It may have been clear to others that you were "comickeys" earlier, but its taken until today for me to be sure enough to say I agree. I always "try" at least to give the benefit of the doubt first because I don't like to jump half-cocked and have to apologize later. I'm pretty sure that's a quality you're supportive of.

 

I've been on the forums for about a year now and have followed many of the posts that you were involved in under a number of different ID's. The one point that you routinely made in various defenses of comickeys (whether you were him directly or pretending not to be and defending him) was the staunch insistence of the presentation of PROOF to support the statements and accusations made against you/him. That is a damn good point too and has proven to be a difficult task for some of your detractors.

 

I don't "troll" anyone, so hopefully we can get that eliminated from the get-go. I noticed something this time that compels me to make a request of you...

 

As you would demand if situations were reversed... could you please provide some PROOF to support the accusations you just made against CGC? I'm prepared to review your forthcoming revelations and hard evidence as objectively as humanly possible if you are prepared to offer any. I hope you'll give me that chance without insulting me, assuming I'm on the CGC payroll because I'm generally supportive of the company or anything else I can't foresee.

 

 

Please address these remarks in particular (bold). Offer proof (and elaborate) to support the following statements...

 

In my world, like Sosa said about Frank Lopez, your organization (and it's shady practices: one book is a blue label although it's restored, another is a purple because it's restored...what the hell is that??..that's not grading, that's a policy created to give latitude to certain elite submittors) stinks.

 

 

Every CGC graded book I buy is an adventure.
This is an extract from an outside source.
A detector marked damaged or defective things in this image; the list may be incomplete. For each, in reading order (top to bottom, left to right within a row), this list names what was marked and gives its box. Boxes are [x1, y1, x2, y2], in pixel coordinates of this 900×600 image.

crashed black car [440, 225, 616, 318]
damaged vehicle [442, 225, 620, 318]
One 8.5 looks like another 7.5, or another 9.2. I had two of the same books graded by CGC. One was an 8.0, the other a 9.4. You know what the difference was in reality.... NOTHING. That's the funny part. Except that I paid a few thousand more for the one graded 9.4!!! They were BOTH 9.0s!! Except that one was graded for "family" (the 9.4), and the 8.0 was graded for Joe Casual Submittor (yeah... him and his paltry 3 to 5 submissions a year...right?). That's why there are no definable grading guidelines and there will never be...so the grades can be skimmed and scammed however deemed necessary to fit the importance of the submittor to CGC. And you all know this.

 

For clarity's sake, please understand that I have no desire to engage you in debate as to whether I feel the ideas you presented have potential merit or not... I would like to review the presentation of facts first. After that, I'll have a better idea of what you're talking about.

 

Thanks in advance for your time and effort in providing the requested information should you decide to.